What brand is it supposed to be?


----------



## stfuandliftbtch (Jan 17, 2012)

Imosted said:


> What brand is it supposed to be?



not sure. just emailed the guy again for some more pics. more pics of vials from different angles and of the box. he replies very quick so i will post more pics soon.


----------



## D-Lats (Jan 17, 2012)

Generic blue tops? That prices is like double lol!!


----------



## GarlicChicken (Jan 17, 2012)

Looks pretty generic to me...what's the name on it?


----------



## stfuandliftbtch (Jan 17, 2012)

D-Latsky said:


> Generic blue tops?
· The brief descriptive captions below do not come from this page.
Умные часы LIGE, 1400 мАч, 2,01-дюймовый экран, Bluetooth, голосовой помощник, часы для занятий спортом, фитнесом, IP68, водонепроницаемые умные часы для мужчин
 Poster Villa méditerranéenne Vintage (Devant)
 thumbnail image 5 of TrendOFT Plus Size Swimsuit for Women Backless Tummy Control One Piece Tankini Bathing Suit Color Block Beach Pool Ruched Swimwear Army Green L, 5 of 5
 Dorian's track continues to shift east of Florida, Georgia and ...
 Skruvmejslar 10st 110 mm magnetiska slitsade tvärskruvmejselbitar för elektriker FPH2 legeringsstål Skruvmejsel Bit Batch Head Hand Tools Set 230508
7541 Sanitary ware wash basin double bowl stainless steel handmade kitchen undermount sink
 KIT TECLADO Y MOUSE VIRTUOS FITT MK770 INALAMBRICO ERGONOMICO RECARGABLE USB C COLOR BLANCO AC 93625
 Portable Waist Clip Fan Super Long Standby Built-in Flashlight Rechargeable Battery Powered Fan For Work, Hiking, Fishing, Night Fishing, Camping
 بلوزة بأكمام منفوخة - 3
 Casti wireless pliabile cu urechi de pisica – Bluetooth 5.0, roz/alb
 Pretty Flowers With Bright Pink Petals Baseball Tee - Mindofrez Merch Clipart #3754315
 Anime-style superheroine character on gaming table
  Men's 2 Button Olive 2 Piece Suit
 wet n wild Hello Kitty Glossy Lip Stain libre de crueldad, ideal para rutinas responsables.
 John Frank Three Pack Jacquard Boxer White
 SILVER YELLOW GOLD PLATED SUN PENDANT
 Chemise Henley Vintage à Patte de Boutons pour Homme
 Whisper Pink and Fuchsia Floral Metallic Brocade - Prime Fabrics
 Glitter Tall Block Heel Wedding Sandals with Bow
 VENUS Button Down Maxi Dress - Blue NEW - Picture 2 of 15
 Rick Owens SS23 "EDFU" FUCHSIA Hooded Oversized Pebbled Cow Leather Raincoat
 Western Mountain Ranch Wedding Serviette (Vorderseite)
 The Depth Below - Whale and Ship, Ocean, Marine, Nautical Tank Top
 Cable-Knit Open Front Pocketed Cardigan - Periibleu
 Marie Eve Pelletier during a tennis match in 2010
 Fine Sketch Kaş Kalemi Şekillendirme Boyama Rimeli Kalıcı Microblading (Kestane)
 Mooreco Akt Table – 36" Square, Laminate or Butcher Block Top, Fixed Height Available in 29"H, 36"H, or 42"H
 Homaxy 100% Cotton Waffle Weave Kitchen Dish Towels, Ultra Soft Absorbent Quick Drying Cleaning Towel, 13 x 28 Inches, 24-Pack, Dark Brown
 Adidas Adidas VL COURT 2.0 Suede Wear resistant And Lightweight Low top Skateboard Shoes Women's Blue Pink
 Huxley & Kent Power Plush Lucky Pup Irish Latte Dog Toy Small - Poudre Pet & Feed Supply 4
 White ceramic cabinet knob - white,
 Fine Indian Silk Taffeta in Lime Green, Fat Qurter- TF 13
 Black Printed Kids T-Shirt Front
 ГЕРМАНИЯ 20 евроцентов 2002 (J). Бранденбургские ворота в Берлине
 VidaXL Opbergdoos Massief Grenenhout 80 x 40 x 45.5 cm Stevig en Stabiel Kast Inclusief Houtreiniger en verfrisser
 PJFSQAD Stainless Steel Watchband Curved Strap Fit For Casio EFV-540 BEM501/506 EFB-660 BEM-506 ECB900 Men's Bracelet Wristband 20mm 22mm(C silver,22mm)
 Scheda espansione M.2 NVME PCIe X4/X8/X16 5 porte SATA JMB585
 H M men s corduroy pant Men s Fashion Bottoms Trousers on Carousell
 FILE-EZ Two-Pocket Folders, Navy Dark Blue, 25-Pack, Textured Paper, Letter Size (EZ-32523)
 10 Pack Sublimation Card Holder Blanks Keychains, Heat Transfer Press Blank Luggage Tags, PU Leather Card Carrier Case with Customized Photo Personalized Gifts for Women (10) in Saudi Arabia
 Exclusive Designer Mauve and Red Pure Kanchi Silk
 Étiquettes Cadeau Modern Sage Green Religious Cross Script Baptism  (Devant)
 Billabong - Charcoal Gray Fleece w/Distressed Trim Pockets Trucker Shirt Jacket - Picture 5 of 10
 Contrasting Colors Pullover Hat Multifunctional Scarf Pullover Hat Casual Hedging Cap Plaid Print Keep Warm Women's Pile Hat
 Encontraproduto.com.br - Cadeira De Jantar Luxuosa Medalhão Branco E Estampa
That prices is like double lol!!



that price is double? your saying you can get 100iu for $190!?


----------



## GarlicChicken (Jan 17, 2012)

stfuandliftbtch said:


> that price is double? your saying you can get 100iu for $190!?



Or less lol


----------



## Imosted (Jan 17, 2012)

if it is generic Blue tops, you can get them for 100$ from china lol


----------



## rc771 (Jan 17, 2012)

i get novotropins with have a great reputation for 110 for 100iu....


----------



## aminoman74 (Jan 18, 2012)

That pic of the printing looks realy bad.I would think its prob bunk.


----------



## dollarbill (Jan 18, 2012)

rc771 said:


> i get novotropins with have a great reputation for 110 for 100iu....


----------



## shadowcaster (Jan 18, 2012)

*I wouldn't buy generic Chinese anything*

ehh, Novotropin is the only GH I'd. 1000iu = 550 - 600 usd. That's if you know an exporter. I seem to remember hearing that direct buy in yuan comes out to 200 usd. If domestic, I believe it's about 1$ per IU. The going rate on import actually fluctuates with currency (those prices are from 2 years ago). I wouldn't buy generic Chinese anything, most are either severely degraded (expired) or placebo. Might I suggest you try peptides? I'd recommend them to anyone who's just starting GH. I used to take 4-6IU HGH daily, depending on the gear in the underlying cycle, and I can honestly say that peptides, if taken properly, give HGH a run for the money. If you're really into it, you'd get better (though, utterly inconvenient) results from a regimen like this. 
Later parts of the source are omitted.